THE COVER CHARGE: WHAT IS AND HOW TO EVALUATE ITS CORRECTNESS
The "cover charge" is a menu item typical of Italian restaurants. But how was it born? What does it include? And above all: how can we evaluate its congruity?
One of the latest trends in catering is not to use the tablecloth. You eat directly on the table (as far as we know, the dishes are still used …). But you still have to pay for the cover charge. The same for those who use disposable tablecloths and napkins.
In these cases, paying the cover charge can really bother you, because the price of the cover charge must be commensurate with the services that compose it.
But what services are included in the “cover charge”? What is it? What is the origin of this custom?
And above all: is it right to pay for it?
The cover charge includes all those aspects that surround the real culinary preparations. In the cover charge, therefore, must be added the cleanliness of the crockery, cutlery, glasses, tablecloth, napkins and, in the case of a big restaurant, all the formal equipment. To this, some add the price of bread, salt, and condiments in general, those that are already on the table or demanded.
Also bread, salt, and pepper, therefore, are part of the cover charge?
In some cases, yes. The point is that every restaurateur adds all that he prefers into this service.
Leaving aside the technical consideration on how much it is up to a restaurateur to keep the item “Cover charge” on the menu (we will discuss the topic in the next article out Monday, November 12, 2018), there is no doubt that in some cases for us customers may be really annoying.
The cover charge, in fact, has well-defined historical origins and the custom dates back to the Middle Ages when travelers and pilgrims (or even the farmers who came to the city to trade their products) brought with them the bundle with food to be eaten. In that context, landlords and innkeepers offered the opportunity to their guests to eat their meal indoors, giving them cutlery and a roof.
A modern form of the old cover charge can be considered the school canteen. The Court of Appeals of Turin admitted a group of parents was right in a famous sentence, known then as the “panino libero” (free sandwich), in which the children were allowed to bring their own food from home and use only water, bread and clean dishes.
But beyond the school canteens and some borderline cases (such as those in wineries and taverns that still allow customers to bring food with them to make money only with drinks), the cover charge is due everywhere.
Everywhere, yes, in Italy. In other countries, it is not used to charge additional services, and the cover charge is included in the price of the menu. In France, for example, it has been so since 1987, when a decree established it definitively.
Even in Italy, to be honest, someone has tried to regulate the matter. In Lazio (an Italian region), for example, since 1995 the restaurateur is not allowed to charge customers for the cover charge. On the other hand, they pay for service and bread.
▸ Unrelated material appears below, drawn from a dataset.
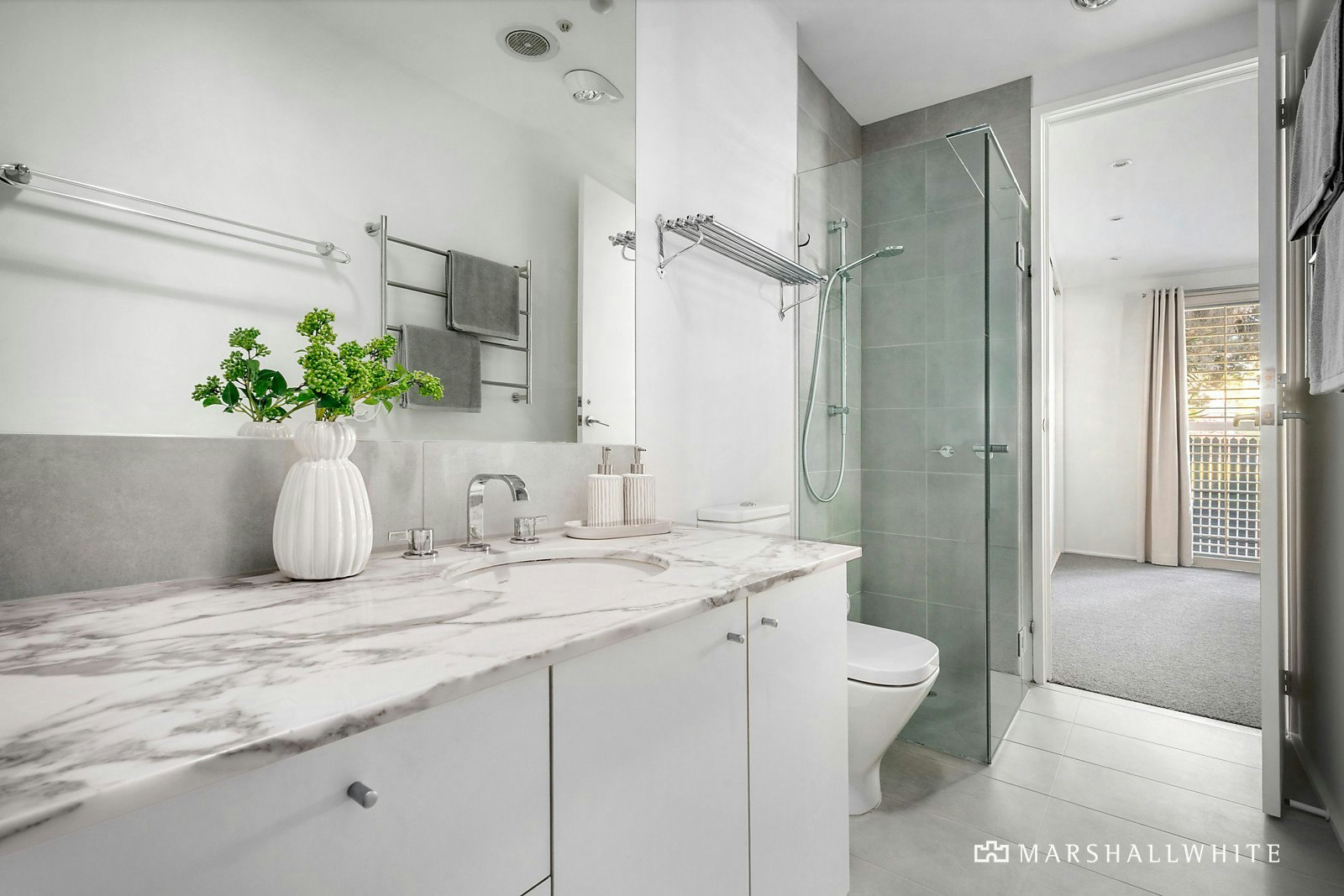 1 Lyell Street, South Melbourne, 3205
Now, how can a foodie have an idea when facing the cost of the cover charge?
Easy: if the foodie has common sense, he should show it.
Even the cover charge, in fact, is part of the general evaluation of the business and be careful, if a restaurant does not have the cover item on the menu it doesn’t mean it is cheaper than another. In fact, if the cost does not appear on the menu, for sure, it is included in the price of the dishes. Besides, if the restaurant advertises the fact that doesn’t ask to pay for it, it is good to keep in mind that it is just using poor advertisement.
The question changes if, at the time of the bill, you consider the cost charged for the services to be disproportionate. You will then have to evaluate the type of business you have attended: 10 euros would be madness for an eatery while it might be acceptable for a Michelin starred restaurant, in which the waiters serve you in white gloves, and the tablecloths are fine nineteenth-century muslin.
This does not mean, however, that you have to accept to pay 10 euros for a cover charge in a big restaurant just because it is, in fact, a big restaurant. A disproportionately cover charge is not justified if tablecloths are not used (today, as mentioned, eating on the bare surface of the table is trendy). And above all, is it really reasonable that the item “Coperto” is separate when choosing a tasting menu? No, it is not reasonable, and indeed it is clearly a way to make dishes seem less expensive.
In conclusion, the cover charge must really be justified by the quality of the service. Restaurants and their seriousness can also be evaluated by the transparency and the way in which they manage the prices of the cover charge, whose permanence in the menu has historical roots that, perhaps, can be removed (for example Matteo Renzi, before becoming Prime Minister, proposed its abolition …).